Stora Skuggan Azalai evocou uma imagem muito específica para mim. Mais alguém se lembra da Barbie Pêssego e Creme dos anos 80? Não sei se ela tinha um perfume específico, mas Azalai é o aroma de fantasia daquele vestido de coral pálido, resplandecente e espumoso que ela usava. Mel com infusão de açafrão, alperces cristalizados com champanhe e uma auréola dourada de nuvens de âmbar de açúcar fiado filtradas para um brilho melado e nebuloso através de inúmeras camadas de tecido delicado, véus de tule e organza. Transparente e luminoso, leve e sonhador, isto é tudo o que eu sonhei que era tão especial naquela boneca. Mesmo que eu lhe tenha cortado o cabelo e a tenha casado com um pequeno Lando Calrissian de plástico, só para ela desaparecer em circunstâncias misteriosas numa viagem de esqui nos Alpes franceses durante a lua de mel.
Lilac and Gooseberries é uma mistura descomplicada de bagas azedas e picantes contra um delicado pano de fundo floral. Não é tão acentuado ou amargo como eu esperava... nem tão interessante. Cheira mais à ideia de uma pessoa do que a uma pessoa. Como se alguém estivesse a descrever a sua fantástica namorada feiticeira, e ela fosse tão perfeita e maravilhosa e nunca se peidasse, nem comesse sandes de cebola, nem sangrasse, nem cometesse erros, e ele deixasse de fora toda a nuance e complexidade do que torna a sua amada tão intrigante. É como se alguém tivesse colocado todo o material da sua namorada perfeita numa máquina de IA e esta tivesse produzido um robô de acordo com as suas especificações, mas que não tem personalidade e ainda não se tornou auto-consciente. E, no entanto... há dias em que preciso mesmo dessa folha em branco para me construir para ser bonita, arranjada e ~definitivamente muito normal~ porque é isso que o mundo espera de mim.

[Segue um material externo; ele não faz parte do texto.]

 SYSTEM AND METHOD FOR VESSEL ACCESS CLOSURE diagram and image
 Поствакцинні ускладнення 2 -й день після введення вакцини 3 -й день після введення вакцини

Mikado Bark é um perfume acolhedor e reconfortante sem nenhuma das caraterísticas típicas dos perfumes de aconchego e conforto. Não é rico ou espumoso, e eu não diria que é excessivamente nostálgico de nenhuma forma em particular. É uma fragrância cujas notas picantes e amadeiradas não são exatamente fantasmas de si mesmas, mas foram todas silenciadas e abafadas e, todas juntas, os seus ecos silenciosos harmonizam-se com uma subtileza requintada. É um perfume que paira como um véu enevoado, ao mesmo tempo que assenta e eleva a sua presença suave. Transporta a suavidade da luz do candeeiro que se acumula nas sombras ao anoitecer, mas também evoca o calor fugaz da luz do sol que penetra nas nuvens sombrias da tarde. O perfume convida à introspeção, suavizando as arestas afiadas e silenciando os tons ousados num acordo delicado. É como se notas aromáticas familiares tivessem sido reimaginadas - a sua essência capturada, depois suavizada e aquecida. A fragrância evoca a imagem de um remanescente verdejante solitário no meio de um mar de carmesim desbotado e ferrugem, à medida que outubro cede ao frio de novembro. Perdurando no ar, incorpora o espírito outonal e contemplativo dos hobbits, reimaginado como uma lista de reprodução gremlincore impregnada de reverberação assombrosa.